Print only the lines below from the one with "Giacca Felpa Camouflage" to the one with "Fitted Cot Sheet - Lilac Rainbow", both included, exactly as they stand. Leave pictures out.

■ Records for the exercise ■
- - - - -

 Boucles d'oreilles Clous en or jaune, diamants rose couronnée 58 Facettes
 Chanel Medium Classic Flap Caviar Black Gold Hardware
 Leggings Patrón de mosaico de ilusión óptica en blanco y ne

- - - - -

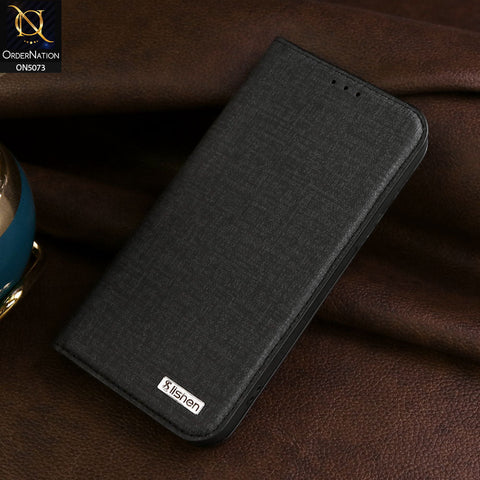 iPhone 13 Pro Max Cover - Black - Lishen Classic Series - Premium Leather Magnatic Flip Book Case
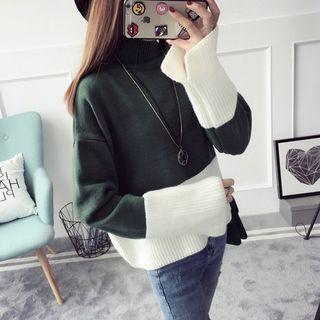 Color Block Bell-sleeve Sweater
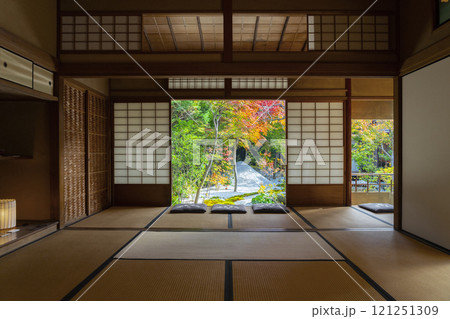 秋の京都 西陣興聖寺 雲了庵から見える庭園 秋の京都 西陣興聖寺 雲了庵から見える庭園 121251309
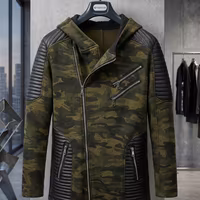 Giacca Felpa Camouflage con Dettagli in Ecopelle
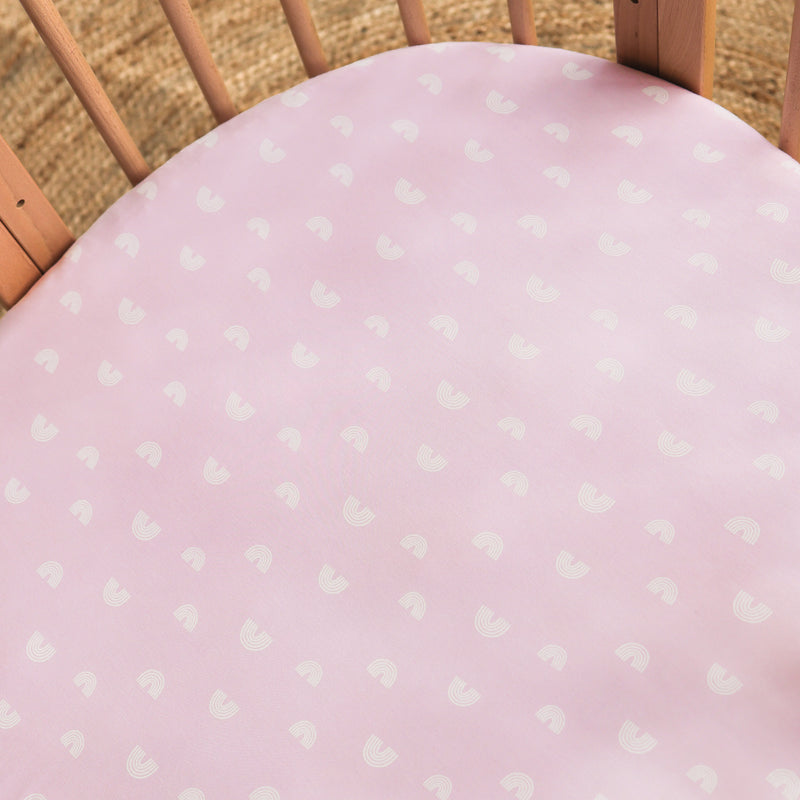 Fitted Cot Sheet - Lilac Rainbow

- - - - -

■ Response box ■
 Giacca Felpa Camouflage con Dettagli in Ecopelle
 Fitted Cot Sheet - Lilac Rainbow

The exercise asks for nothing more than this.